Real Estate

Real Estate Investment: Expectation Vs Reality?

Real estate over the past few years have been on the upswing. The highs of 2007-08 have been surpassed and few areas are currently quoting at even 40-50% premium than previous highs. It has indeed been the most preferred asset class for Indian Households, so the million dollar question is whether you would continue to see such sharp up moves in real estate??

The answer to this question is not simple. It’s more to do with your expectation of the returns. Historically, it’s seen that over the past 25 years real estate has given a compounded annualized return in the range of 17-18% as compared to equities which has give returns in the range of 15-16%, Gold in the range of 7-8% & fixed deposits which in the range of 6-7%.

Rs. 1,00,000/- invested 25 years ago in real estate would have become 50 times i.e. Rs.50,00,000/-

The thumb rule for expecting return by investing your money in a riskier asset (real estate/equities) should yield atleast 5-6% in excess of the least risky Bank Fixed Deposits. Therefore the targeted return should be around 14-15% p.a with 7-8% net return after adjusting inflation & other taxes.

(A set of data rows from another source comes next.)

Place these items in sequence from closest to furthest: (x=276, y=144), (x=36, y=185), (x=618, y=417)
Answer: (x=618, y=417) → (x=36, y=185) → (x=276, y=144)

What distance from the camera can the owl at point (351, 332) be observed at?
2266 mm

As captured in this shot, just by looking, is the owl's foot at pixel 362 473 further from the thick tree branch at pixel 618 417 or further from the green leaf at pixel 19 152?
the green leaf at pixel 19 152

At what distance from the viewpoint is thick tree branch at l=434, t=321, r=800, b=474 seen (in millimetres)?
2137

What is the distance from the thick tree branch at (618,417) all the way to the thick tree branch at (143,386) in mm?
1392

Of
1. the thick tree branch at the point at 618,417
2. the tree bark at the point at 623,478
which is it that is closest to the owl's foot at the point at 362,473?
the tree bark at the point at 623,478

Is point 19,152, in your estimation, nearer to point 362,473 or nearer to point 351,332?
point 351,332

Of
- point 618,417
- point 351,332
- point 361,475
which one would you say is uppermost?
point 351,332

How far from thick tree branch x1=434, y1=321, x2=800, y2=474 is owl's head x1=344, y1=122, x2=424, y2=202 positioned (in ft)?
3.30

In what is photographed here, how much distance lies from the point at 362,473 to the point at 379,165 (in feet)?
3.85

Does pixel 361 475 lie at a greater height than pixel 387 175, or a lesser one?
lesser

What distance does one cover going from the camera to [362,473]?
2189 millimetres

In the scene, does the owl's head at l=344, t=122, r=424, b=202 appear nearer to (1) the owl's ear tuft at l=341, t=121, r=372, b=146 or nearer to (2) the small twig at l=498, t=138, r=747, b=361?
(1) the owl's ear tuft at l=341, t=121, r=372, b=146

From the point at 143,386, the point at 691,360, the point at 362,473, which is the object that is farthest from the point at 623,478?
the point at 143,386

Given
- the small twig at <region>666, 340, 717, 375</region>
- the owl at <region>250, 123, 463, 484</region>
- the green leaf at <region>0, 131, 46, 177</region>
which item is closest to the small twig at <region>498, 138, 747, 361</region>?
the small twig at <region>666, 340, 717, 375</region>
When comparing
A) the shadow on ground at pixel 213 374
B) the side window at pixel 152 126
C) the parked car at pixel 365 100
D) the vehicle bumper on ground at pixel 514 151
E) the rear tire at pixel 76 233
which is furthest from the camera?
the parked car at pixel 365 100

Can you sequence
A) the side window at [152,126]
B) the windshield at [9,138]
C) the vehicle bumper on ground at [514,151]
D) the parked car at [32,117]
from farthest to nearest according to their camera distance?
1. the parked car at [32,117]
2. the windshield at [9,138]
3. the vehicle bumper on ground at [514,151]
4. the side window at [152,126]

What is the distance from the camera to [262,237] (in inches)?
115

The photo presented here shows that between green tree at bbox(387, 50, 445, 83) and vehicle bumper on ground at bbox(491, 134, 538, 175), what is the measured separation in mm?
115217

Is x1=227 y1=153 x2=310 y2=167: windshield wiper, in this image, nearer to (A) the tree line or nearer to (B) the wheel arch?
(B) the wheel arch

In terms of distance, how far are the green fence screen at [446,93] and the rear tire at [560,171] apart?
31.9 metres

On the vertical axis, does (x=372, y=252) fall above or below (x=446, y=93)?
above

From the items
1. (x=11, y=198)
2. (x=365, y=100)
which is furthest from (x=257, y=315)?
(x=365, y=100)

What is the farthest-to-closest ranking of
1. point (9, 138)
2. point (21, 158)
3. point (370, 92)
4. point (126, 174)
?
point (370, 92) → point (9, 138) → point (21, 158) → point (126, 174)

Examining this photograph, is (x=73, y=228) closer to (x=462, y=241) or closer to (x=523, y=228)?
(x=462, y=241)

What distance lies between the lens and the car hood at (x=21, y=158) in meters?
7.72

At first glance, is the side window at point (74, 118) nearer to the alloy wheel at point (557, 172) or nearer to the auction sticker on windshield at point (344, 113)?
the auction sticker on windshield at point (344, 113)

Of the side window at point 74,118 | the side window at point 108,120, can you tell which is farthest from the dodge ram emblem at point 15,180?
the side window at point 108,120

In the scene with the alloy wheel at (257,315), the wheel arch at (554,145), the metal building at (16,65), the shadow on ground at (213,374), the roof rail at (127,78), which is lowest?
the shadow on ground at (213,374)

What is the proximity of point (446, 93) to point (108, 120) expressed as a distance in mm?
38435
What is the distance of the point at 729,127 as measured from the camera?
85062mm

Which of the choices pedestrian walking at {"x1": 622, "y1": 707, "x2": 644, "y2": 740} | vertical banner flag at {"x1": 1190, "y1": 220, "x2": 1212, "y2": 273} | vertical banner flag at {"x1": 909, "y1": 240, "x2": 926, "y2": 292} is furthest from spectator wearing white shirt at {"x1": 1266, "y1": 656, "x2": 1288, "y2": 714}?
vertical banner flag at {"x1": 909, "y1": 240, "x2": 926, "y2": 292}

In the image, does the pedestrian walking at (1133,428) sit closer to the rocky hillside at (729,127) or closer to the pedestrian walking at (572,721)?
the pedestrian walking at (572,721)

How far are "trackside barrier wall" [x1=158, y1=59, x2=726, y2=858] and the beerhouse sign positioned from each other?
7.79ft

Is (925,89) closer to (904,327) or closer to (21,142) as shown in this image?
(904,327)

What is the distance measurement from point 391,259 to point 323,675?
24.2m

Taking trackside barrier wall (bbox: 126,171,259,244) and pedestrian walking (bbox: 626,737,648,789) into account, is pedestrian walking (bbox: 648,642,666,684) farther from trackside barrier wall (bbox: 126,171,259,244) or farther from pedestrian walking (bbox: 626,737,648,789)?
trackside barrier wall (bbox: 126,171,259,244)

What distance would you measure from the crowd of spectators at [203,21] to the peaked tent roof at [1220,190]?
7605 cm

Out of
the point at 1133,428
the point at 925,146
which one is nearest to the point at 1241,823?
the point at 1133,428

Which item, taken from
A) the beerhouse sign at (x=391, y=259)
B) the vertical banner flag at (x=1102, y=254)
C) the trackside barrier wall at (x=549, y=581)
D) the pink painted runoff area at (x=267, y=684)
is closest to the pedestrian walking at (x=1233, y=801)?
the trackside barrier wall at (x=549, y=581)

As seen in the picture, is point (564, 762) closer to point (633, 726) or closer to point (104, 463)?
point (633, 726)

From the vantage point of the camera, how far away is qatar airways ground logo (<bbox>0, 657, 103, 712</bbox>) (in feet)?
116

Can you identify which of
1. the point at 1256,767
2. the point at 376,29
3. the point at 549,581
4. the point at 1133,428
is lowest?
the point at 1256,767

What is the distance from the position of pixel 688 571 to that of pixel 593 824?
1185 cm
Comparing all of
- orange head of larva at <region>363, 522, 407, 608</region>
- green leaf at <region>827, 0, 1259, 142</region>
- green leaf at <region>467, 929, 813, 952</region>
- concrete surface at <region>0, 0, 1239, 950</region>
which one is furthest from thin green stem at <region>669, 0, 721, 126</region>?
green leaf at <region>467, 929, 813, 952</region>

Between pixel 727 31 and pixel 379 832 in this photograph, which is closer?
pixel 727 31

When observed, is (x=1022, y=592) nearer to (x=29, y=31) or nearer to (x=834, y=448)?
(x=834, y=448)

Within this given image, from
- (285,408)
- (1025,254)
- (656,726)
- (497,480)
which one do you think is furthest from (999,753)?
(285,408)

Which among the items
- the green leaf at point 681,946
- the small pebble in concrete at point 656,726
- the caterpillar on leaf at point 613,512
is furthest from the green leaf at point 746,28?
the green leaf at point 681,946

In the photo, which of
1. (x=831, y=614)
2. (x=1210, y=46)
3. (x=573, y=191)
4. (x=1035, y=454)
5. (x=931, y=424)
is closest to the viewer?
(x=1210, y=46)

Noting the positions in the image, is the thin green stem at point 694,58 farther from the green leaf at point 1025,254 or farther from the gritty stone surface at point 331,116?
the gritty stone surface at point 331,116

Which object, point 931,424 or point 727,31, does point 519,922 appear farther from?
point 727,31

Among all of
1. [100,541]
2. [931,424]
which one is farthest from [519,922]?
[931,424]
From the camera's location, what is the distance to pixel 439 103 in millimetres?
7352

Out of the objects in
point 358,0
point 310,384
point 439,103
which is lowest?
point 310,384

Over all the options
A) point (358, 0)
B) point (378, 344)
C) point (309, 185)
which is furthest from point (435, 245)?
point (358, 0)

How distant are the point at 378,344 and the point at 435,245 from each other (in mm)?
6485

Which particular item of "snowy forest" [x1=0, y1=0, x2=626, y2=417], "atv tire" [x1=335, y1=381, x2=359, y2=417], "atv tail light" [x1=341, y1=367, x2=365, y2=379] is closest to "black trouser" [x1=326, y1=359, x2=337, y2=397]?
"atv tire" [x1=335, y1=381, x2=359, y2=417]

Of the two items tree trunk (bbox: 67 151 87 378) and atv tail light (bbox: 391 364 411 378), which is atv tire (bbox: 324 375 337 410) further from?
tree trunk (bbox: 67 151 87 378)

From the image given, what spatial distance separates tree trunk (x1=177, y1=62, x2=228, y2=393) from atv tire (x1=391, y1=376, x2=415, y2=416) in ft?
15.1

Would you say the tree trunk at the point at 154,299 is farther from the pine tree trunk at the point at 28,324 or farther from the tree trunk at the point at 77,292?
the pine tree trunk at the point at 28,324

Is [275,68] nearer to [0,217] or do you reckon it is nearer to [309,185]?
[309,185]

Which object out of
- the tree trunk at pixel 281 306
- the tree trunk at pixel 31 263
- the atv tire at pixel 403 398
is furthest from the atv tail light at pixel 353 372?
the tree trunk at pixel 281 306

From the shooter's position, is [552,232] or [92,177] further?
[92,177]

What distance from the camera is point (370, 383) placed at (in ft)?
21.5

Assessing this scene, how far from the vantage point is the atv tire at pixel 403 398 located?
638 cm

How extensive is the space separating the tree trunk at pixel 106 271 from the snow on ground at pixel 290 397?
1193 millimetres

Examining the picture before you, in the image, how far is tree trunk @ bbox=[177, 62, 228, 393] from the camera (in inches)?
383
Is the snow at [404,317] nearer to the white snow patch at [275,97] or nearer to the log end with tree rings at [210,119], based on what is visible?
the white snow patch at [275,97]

Having witnessed such huge rallies over the past few years in real estate even as high as 50-60%p.a in some areas keeps us wondering that whether we have we missed out on rally?? What these returns have typically done to investors is, raised their expectations which makes it even difficult for them to accept any return less than average 25-30%p.a. These are clearly aberrations therefore any asset class over a period of time attains its fair value and the returns look more reasonable. The same happened during stock market rally from 2005-2008 when everything looked so promising and even today in 2013 we haven’t revisited those highs yet.

Expectations from your investments should be reasonable (in line with long term averages) to enjoy good returns from it and avoid any situation of panic & stress.

Real estate as an asset class is unique it’s in own way. It’s a tangible asset class that’s productive and yields you dividend in the form of rent along with capital appreciation.

Land is a commodity that is limited and can’t be produced or multiplied. As the population grows so does the requirement of land and so on the prices depending on several other factors.

It will continue to make money for investors but the only question to ask yourself is about your expectation of the return!!!